Supplied material Start Marker

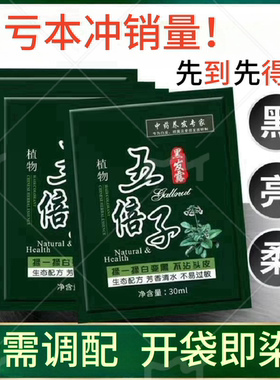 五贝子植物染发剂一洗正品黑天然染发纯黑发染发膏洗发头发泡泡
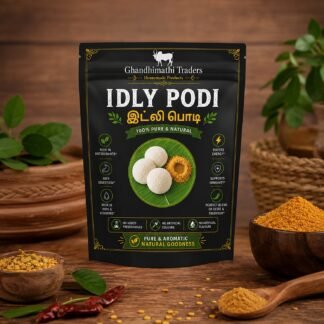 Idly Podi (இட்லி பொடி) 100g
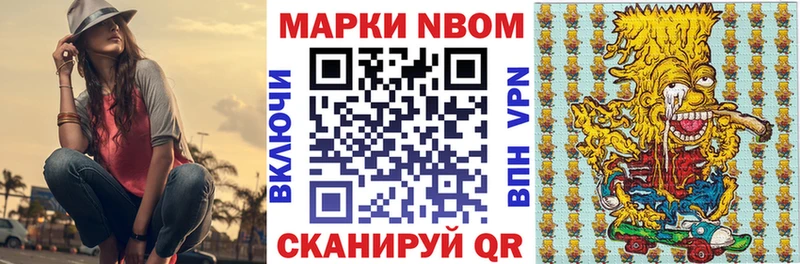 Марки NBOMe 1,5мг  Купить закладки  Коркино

Supplied material End Marker

*What to do*
Produce an exact copy of the lines from the line with "Idly Podi (இட்லி பொடி) 100g" through the last line of the data above, both ends included. No pictures belong in it.

*Response area*
 Idly Podi (இட்லி பொடி) 100g
 Марки NBOMe 1,5мг  Купить закладки  Коркино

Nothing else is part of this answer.